- Born: c. 1971–1972 (age 53–55) California
- Occupations: Sex worker; Activist;
- Political party: Libertarian

= Starchild (activist) =

American perennial candidate

Starchild (born Chris Fox, 1971 or 1972) is an American libertarian activist, perennial candidate and sex worker from San Francisco. He is known for his flamboyant style of dress.

==Background==
Starchild grew up in the East Bay and moved to San Francisco after a stint in the United States Army Reserves. He adopted the 'Starchild' moniker in the 1990s, and had his name legally changed in 1998. He is bisexual. Starchild has worked as an escort and erotic dancer. In 2005, Starchild was arrested for prostitution, though he was acquitted by a jury in 2007.

==Political activities==
Starchild is an activist for the Libertarian Party and advocate for the decriminalization of sex work. In 2012 and 2016, Starchild was elected to an at-large position on the Libertarian National Committee. As of 2024, he is the Chair of the Libertarian Party of San Francisco.
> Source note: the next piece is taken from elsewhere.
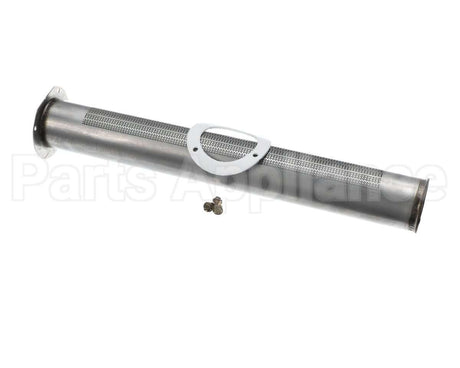 007442F Raypak Burner W/Gasket And Screws
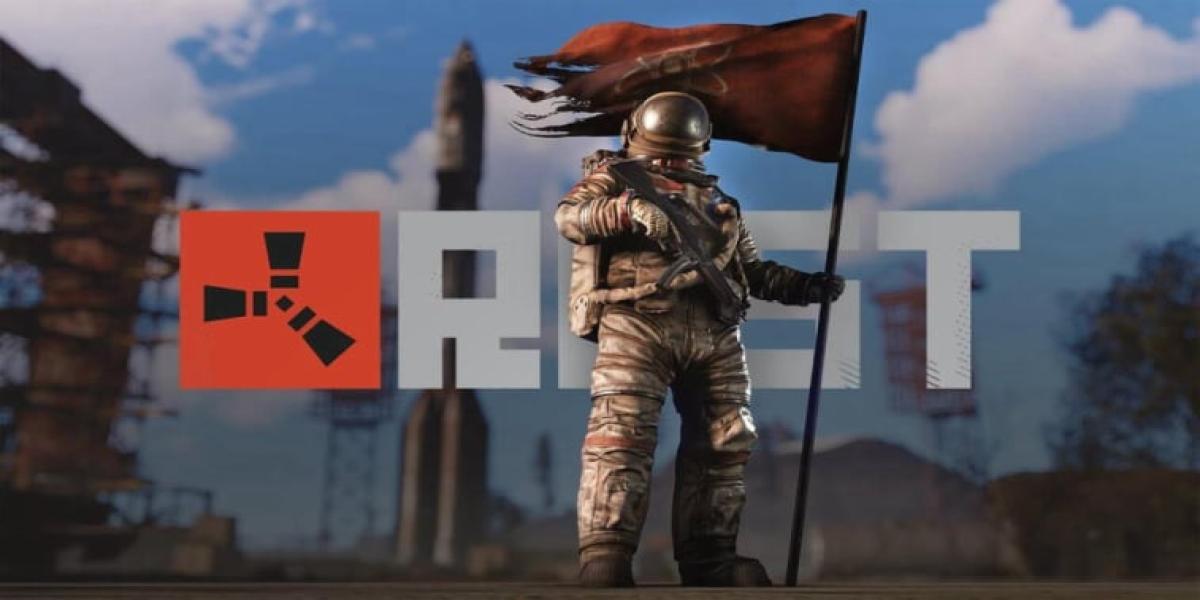Fix Steam Auth Timeout on Rust - abancommercials.com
Starchild has run as a Libertarian for the California State Assembly twice. In 2000, he ran in the 13th District and placed third with 6.4% of the vote. In 2020, he ran in the 17th District and advanced from the top-two primary to the general election, but lost to Democratic incumbent David Chiu 88.9%–11.1%. Starchild has also run for local office numerous times, including for the San Francisco Board of Supervisors in 2002 and 2006 and the San Francisco Board of Education in 2004 and 2010.

At the 2016 Libertarian National Convention, Starchild gained attention for wearing a see-through raincoat with a Speedo underneath to "demand transparency". During the speech of Donald Trump at the 2024 Libertarian National Convention, Starchild, dressed as Princess Leia, unfurled a "No Wannabe Dictators" banner in protest. He was taken to the ground by security and removed from the venue.